Send me a coupon for beer and burgers ...


----------



## nealtw (Jan 27, 2015)

CallMeVilla said:


> Hahahaha  ...  Dr. Villa has seen this one  ...  The light which keeps burning out is wired improperly.  Get up there and flip the black and white wires.  I know, this sounds like black magic but its not.
> 
> Leave the wiring alone for the light which works properly.  Disconnect the wires from the light which burns out.  Wire nut the BLACK wire from the bad receptacle to the joined WHITE wires.  Wire nut the WHITE wire from the bad receptacle to the joined BLACK wires.  Leave the ground alone.
> 
> Send me a coupon for beer and burgers ...
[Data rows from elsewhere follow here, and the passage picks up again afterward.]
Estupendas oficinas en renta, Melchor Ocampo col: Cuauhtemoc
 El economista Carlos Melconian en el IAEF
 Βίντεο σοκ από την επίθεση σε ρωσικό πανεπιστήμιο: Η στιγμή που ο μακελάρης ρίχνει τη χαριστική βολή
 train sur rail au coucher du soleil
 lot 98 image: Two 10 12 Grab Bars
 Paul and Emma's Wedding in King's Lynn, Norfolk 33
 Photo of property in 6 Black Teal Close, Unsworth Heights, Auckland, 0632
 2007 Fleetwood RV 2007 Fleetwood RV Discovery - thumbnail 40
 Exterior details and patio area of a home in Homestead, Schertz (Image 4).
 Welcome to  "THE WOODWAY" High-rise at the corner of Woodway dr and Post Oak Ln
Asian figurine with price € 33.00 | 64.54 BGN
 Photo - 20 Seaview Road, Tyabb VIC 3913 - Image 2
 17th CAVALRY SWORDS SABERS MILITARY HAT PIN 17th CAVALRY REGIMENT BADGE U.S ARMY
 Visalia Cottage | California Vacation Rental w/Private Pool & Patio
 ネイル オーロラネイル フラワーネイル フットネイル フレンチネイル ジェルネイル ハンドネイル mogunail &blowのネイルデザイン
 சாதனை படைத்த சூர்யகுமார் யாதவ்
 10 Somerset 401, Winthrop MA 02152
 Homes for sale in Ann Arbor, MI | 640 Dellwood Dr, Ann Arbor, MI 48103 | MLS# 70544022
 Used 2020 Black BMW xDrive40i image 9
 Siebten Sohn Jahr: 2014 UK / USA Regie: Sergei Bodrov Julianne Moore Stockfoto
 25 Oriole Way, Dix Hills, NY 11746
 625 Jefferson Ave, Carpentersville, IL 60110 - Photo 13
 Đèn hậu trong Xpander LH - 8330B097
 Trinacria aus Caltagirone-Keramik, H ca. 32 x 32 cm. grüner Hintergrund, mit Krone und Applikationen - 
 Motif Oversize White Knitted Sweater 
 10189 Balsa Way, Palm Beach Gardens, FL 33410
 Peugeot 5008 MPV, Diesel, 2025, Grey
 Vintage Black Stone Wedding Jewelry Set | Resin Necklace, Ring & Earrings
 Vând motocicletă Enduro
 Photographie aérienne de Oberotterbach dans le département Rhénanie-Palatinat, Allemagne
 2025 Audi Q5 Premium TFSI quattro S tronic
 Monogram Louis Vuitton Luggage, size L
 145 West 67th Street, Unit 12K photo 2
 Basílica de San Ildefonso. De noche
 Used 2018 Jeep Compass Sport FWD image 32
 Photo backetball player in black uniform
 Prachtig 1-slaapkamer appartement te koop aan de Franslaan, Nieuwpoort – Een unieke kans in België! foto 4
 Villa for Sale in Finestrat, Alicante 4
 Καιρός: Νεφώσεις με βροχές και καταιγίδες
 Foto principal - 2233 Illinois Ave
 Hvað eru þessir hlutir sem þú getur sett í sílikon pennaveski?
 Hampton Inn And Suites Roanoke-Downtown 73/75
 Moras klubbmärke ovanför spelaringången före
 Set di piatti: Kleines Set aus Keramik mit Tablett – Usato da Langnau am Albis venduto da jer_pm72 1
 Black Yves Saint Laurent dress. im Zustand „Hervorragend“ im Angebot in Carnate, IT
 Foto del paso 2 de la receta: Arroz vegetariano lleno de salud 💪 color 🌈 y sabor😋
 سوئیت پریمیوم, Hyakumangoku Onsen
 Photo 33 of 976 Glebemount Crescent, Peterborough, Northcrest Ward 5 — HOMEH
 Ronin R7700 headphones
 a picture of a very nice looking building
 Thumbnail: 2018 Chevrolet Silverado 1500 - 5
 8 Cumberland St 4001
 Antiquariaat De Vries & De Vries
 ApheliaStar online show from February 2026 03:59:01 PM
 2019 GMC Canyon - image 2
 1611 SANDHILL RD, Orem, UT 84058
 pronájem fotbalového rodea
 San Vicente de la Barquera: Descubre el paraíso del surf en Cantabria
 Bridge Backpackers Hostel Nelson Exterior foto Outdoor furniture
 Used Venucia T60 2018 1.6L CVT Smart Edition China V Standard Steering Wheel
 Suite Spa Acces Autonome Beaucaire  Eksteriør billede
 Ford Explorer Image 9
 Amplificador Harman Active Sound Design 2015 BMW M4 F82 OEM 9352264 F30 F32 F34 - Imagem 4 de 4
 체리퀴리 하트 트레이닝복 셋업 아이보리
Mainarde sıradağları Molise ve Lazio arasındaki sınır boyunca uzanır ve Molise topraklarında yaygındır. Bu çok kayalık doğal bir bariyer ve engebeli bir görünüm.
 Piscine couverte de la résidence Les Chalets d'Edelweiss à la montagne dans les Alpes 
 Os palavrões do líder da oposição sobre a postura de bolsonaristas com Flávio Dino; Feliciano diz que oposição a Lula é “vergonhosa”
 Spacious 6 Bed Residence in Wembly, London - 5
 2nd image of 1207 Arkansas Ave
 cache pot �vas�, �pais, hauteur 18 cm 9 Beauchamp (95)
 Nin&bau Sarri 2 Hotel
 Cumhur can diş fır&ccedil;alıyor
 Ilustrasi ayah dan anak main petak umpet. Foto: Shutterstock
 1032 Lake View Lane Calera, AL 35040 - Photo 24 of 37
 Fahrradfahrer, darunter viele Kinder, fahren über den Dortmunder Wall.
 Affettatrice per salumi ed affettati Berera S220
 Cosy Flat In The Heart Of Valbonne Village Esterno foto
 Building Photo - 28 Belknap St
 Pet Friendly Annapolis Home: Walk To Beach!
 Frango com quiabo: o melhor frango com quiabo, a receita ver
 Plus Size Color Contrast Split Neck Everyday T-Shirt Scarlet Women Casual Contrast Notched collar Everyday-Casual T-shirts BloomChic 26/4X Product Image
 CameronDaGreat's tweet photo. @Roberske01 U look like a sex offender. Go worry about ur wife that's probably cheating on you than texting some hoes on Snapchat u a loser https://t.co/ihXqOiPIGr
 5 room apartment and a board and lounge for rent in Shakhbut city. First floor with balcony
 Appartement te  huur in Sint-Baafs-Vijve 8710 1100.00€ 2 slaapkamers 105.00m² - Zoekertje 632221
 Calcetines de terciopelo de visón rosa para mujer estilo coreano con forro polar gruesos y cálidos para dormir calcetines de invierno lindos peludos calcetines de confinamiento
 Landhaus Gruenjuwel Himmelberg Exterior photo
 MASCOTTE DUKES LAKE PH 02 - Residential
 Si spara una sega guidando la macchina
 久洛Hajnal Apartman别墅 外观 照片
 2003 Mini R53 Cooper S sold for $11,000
I never thought of that when I had that problem.
http://www.retailmenot.com/coupons/beer


----------



## frodo (Jan 28, 2015)

makes since,   i will try that, thank you DR.


----------



## bud16415 (Jan 28, 2015)

I have heard of low voltage or more likely high voltage shortening bulb life. I have heard of heat buildup shortening bulb life. I have even heard of over tightening causing short life, also vibration. But I have never heard of polarity being a problem. With a AC power source how could that be shown to cause a change? 

My guess is when you switch wires around you are remaking a connection that wasn&#8217;t good. Before you change the wires take a voltage reading at both lights before and after. Also start out with 2 new light bulbs. 

No beer unless you show the science behind the solution.


----------



## speedy petey (Jan 28, 2015)

CallMeVilla said:


> Hahahaha  ...  Dr. Villa has seen this one  ...  The light which keeps burning out is wired improperly.  Get up there and flip the black and white wires.  I know, this sounds like black magic but its not.
> 
> Leave the wiring alone for the light which works properly.  Disconnect the wires from the light which burns out.  Wire nut the BLACK wire from the bad receptacle to the joined WHITE wires.  Wire nut the WHITE wire from the bad receptacle to the joined BLACK wires.  Leave the ground alone.
> 
> Send me a coupon for beer and burgers ...


Are you serious suggesting he reverse the polarity to a light socket??? Not only will this be a code violation, it will be quite unsafe.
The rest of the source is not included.